Single Coils vs. Humbuckers
There are two main types of pickups: single coils and humbuckers. Let’s have a look at each, and what they do, and then go into a little more detail.
How they work: Insulated wire is wrapped around six individual magnets. When the steel guitar string is plucked, the magnetic field is disturbed, and this change is captured by the wire and sent to the amplifier.
How they sound: Clear and detailed: snappy, twangy, bell-like, jangly.
How they work: A humbucker is made up of two coils instead of one, each with their magnets going in different directions (one with north ‘up’ and the other with north ‘down’). When connected together, the characteristic single coil hum is cancelled.
How they sound: Full, thick, ‘hot,’ loud, smooth.
Why Would I Want Single Coils?
Single coils (like you might find on a Fender Telecaster or Stratocaster) have a clear, twangy sound, and they tend to sound really great through a clean, un-distorted amp setting. This type of single coil pickup is made by wrapping wire around six ‘slug’ pole pieces (which are held in place by flatwork to create a bobbin). A cover is usually placed over the pickup to protect the wire. But single coils have a drawback: you’ll notice a bit of background buzz which is just part and parcel of the single coil experience. Some players swear by this excess noise, as it evokes a vintage sound. Others want to get rid of it, and simply enjoy the pristine single coil sound minus the hum. Various noiseless single coils are available from companies like Fender, DiMarzio, Kinman and Seymour Duncan. Single coils are great for country, blues, indie and alternative styles.
Why Would I Want Humbuckers?
The idea behind humbuckers is to use two separate pickup coils, each wound in a different direction, over a central magnet. The hum is cancelled out by the two different coil directions (hence the name 'hum-bucker'), and the overall tone is generally thicker, louder, warmer and fuller than single coils. Humbuckers are great for heavier styles like classic rock, hard rock and metal, and they can add some toughness and raunch to blues too. And the softer, smoother tone of humbuckers makes them great for jazz as well, especially if you use a humbucker in the neck position on a big hollow-body guitar. In some cases, you'll see single coils and humbuckers in the same guitar.
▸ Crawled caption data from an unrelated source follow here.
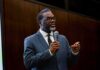 Crime First, Not Cash: D.C. Warns Chicago Man in a suit speaking into a microphone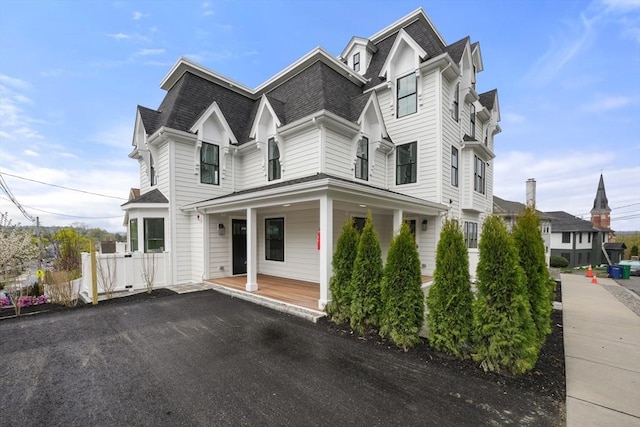 victorian home with a porch and roof with shingles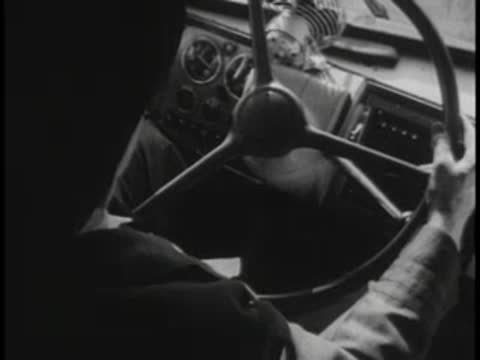 View of the driver's hands holding the large steering wheel of a moving bus
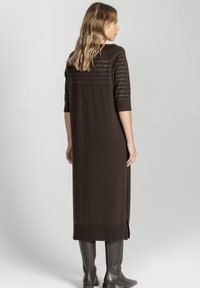 Kobieta ubrana w długą, ciemnobrązową, dzianinową sukienkę z rękawami do łokci i delikatnymi poziomymi paskami, w połączeniu z ciemnymi kozakami za kolano, zwrócona tyłem.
Popular configurations include a humbucker in the bridge position with single coils in the middle and neck spots, humbuckers in the bridge and neck with a single in the middle, or a single coil in the bridge position of a Telecaster with a humbucker in the neck position.
What Are P90s?
The P90 is a single coil too, but it’s larger than a Stratocaster-style single coil, and its sound is edgier, rattier and hotter. It’s a great choice for alternative, punk, country and blues, goes great with slide guitar, and is even suited to styles like stoner rock and vintage metal: flip to the neck pickup of a P90-loaded guitar and play Black Sabbath’s “Paranoid” to see what I mean. Because they’re single coils, P90s are prone to the same noise issues - but just like other single coils, various companies also make noiseless versions to counteract this.
- Hot Rails - Are you after a fatter, warmer sound but stuck with a single coil guitar? Hot Rail pickups are single coil-sized humbucking pickups, and are available in various forms from most pickup manufacturers!
- Hybrid Pickups - Some more specialist pickups use more than one type of coil, pole or material in their design, allowing you to attain unique sounds and an unusual look too! See the Reverend Reeves Gabrels Signature for a killer example!
- Custom Pickups - Many manufacturers offer made-to-order pickups, handwound and with materials of your choosing. This often means extra attention to detail and unique tone that you can truly call your own. Please contact us for info on custom pickups!
- Sustainers - Companies like Fernandes provide pickups that use a different combination of strong magnets and high output to create an infinite sustain effect. Ed O'Brien of Radiohead has a sustainer-type pickup fitted to his signature Strat - it has to be heard to believed!
Active vs. Passive
A passive pickup is the most common kind (to the point where people rarely even use the term ‘passive pickup’ unless they’re comparing it to an active pickup: they simply say ‘pickup’). An active pickup is usually wound much weaker than a passive pickup, but its signal is amplified from within the pickup itself, often via an internal 9V battery. There are several advantages: the output is usually more powerful, with greater sustain, tonal consistency and strength of signal regardless of cable/chain length. Active pickups are available in humbucker and single coil versions, and they’re both very quiet. Companies like EMG and Seymour Duncan offer a wealth of active humbucker options that are great for heavier styes of music, notably brandished by some of the biggest names in modern rock and metal. It’s generally very difficult to install active and passive pickups in the same guitar, so usually you’ll find one kind or the other, not both.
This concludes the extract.